N'avait-elle pas réussi à obtenir trois mandats consécutifs depuis 1979 tout en conduisant avec obstination une "révolution" économique et sociale qui avait ramené le Royaume-Uni sur le chemin de la croissance? Le redressement économique s'était poursuivi malgré le krach boursier d'octobre 1987.

La production industrielle avait enfin retrouvé son niveau de 1979.

La productivité était en hausse ; la réforme de la fiscalité avait été parachevée par le budget de 1988-1989 "pour les riches" qui rendait obsolète toute idée de redistribution.

A défaut de politique industrielle, la Dame de fer était en passe d'atteindre son objectif: présenter le Royaume-Uni comme l'espace le moins réglementé, le moins taxé et le moins syndiqué d'Europe pour attirer les investissements étrangers et garantir aux Britanniques des lendemains prospères. Les laissés-pour-compte du capitalisme Mais ces succès ont leurs revers, toujours les mêmes: l'inflation (6,8% en 1988), l'épargne (tombée fin 1988 au niveau historiquement bas de 1,3% des revenus des ménages) et le déficit de la balance des paiements courants (14,5 milliards de livres en 1989).

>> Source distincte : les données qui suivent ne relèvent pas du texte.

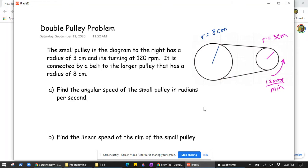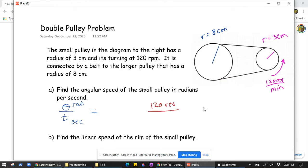Find the angular speed of the small pulley in radians per second. Angular speed has units of radians per second. You can get it by beginning with the fraction that will relate to what you want — theta radians per second. So let's start with the one fact that we know: the small pulley rotates 120 revolutions every minute.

Le chancelier de l'Échiquier, Nigel Lawson, est dans une position inconfortable: il doit rassurer les marchés financiers internationaux pour éviter les spéculations sur la livre sterling sans freiner la demande intérieure au point de s'aliéner la confiance des industriels.

Pour y parvenir, il entend poursuivre, "aussi longtemps que nécessaire", une politique monétariste de manipulation des taux d'intérêt (plusieurs hausses successives depuis 1988) mais qui suscite bien des réserves parce que ses effets sont lents à se faire sentir, et parce qu'elle trahit la fragilité des bases sur lesquelles repose la croissance britannique.

C'est ce qu'expliquait l'ancien Premier ministre conservateur, Edward Heath, en novembre 1988: on ne peut se prétendre "les plus forts" quand on pratique les taux d'intérêt les plus élevés d'Europe et que ceux-ci sont quatre fois supérieurs à ceux du Japon. Au printemps 1989, M.

Lawson a présenté un budget jugé plutôt austère.

Pour éviter un nouveau "boom" sur la consommation en 1989-1990, les réductions d'impôts et les concessions fiscales sont limitées: 2 milliards de livres favorisant les petites entreprises, les petits actionnaires, les personnes âgées et les bas salaires.

Cela, malgré l'excédent budgétaire de 14 milliards de livres.

S'il a largement rassuré la City, ce budget a provoqué la colère de l'opposition et des syndicats qui estimaient insuffisantes, entre autres, les mesures envisagées pour ralentir la consommation et la hausse des prix.

Le chancelier lui-même l'a reconnu: ni l'inflation ni le déficit des comptes extérieurs ne devraient se réduire en 1989-1990. D'autres ombres planent sur les succès économiques.

Les quatre-vingt-quatorze personnes mortes le 15 avril 1989 au stade de Sheffield où devait se jouer la demi-finale de la Coupe d'Angleterre de football en sont un des exemples les plus choquants.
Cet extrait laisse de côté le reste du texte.